If Degree of a Vertex Greater Than/Equal to Size of Vertex Set / 2 then Connected

Question

I encountered a question asking to prove that if the degree of every vertex is greater than or equal to the floor of the size of its vertex set divided by 2, then its connected.
I was initially thinking of doing a proof by cases where I first do where the degree is equal to size of vertex set divided by 2 and the second set when its strictly greater but it doesn't seem to be going anywhere.
Could someone provide some guidance on how to approach this question? Thanks!

Answer 1

Every component of the graph has strictly more than $\frac{\nu}{2}$ vertices in it.

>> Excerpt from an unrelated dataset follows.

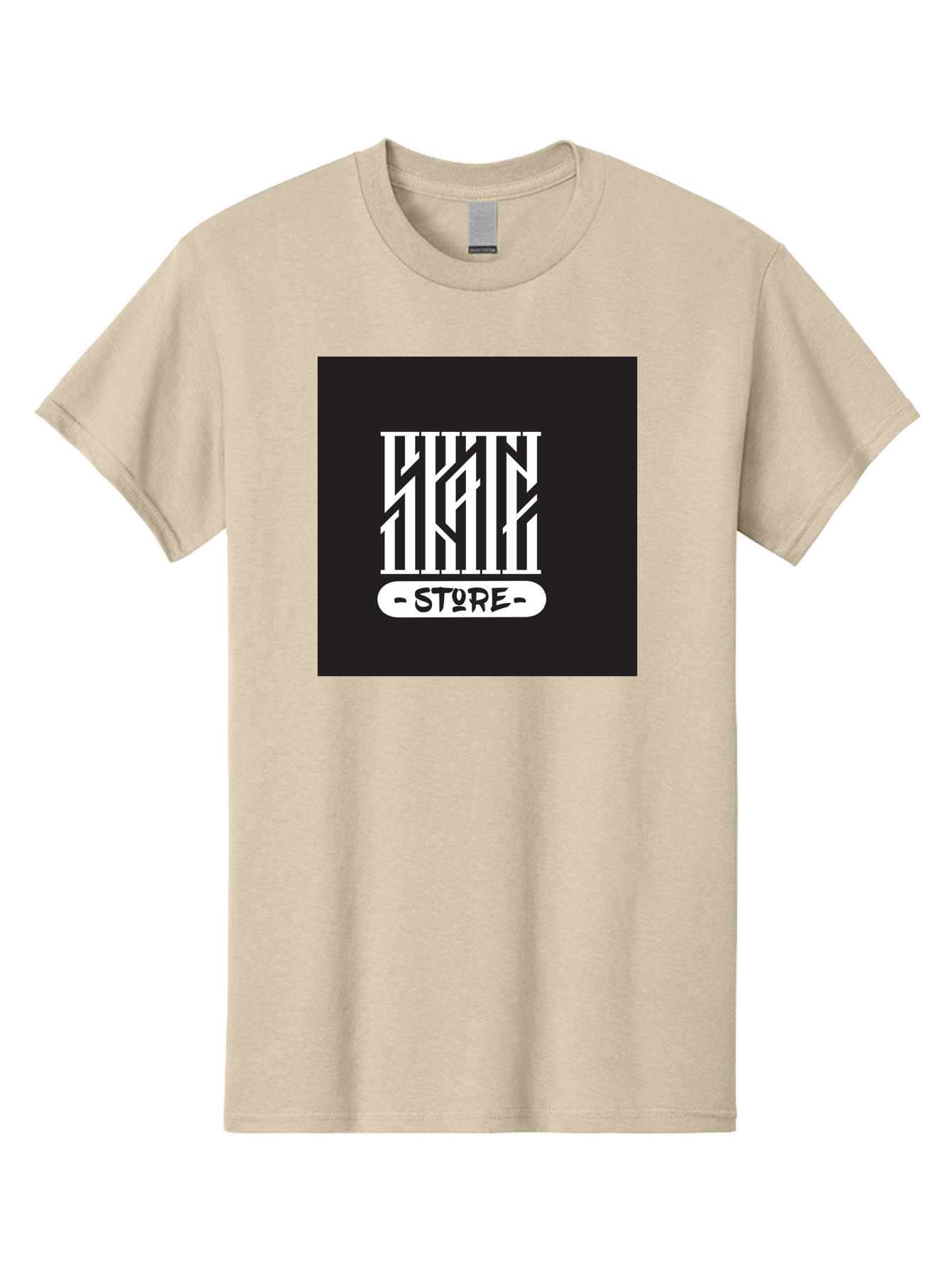 Skate-Store Men'S Graphic Tee, 100% Cotton, Comfortable Casual Summer Wear, Machine Washable, Storefront Branding, Streetwear Apparel, Skat Store, Urban Fashion, Modern Typography, Contemporary Design, Black And White Aesthetic Aac171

Consider one component of the graph. There aren't enough "leftover" vertices left to form a second component. Therefore, there is only one component and the graph is connected.

Answer 2

Take any two non-adjacent vertices $x,y$. You know$$\deg(x)+\deg(y)\ge\left\lfloor\frac v2\right\rfloor+\left\lfloor\frac v2\right\rfloor\ge v-1$$There are $v-2$ vertices other than $x$ and $y$. This means $x$ and $y$ have at least one common neighbour vertex, assuming the graph is simple, i.e. any pair of non-adjacent vertices has a common neighbour, making the graph connected. In addition, the eccentricity of each vertex, radius and diameter of the graph are $\le2$.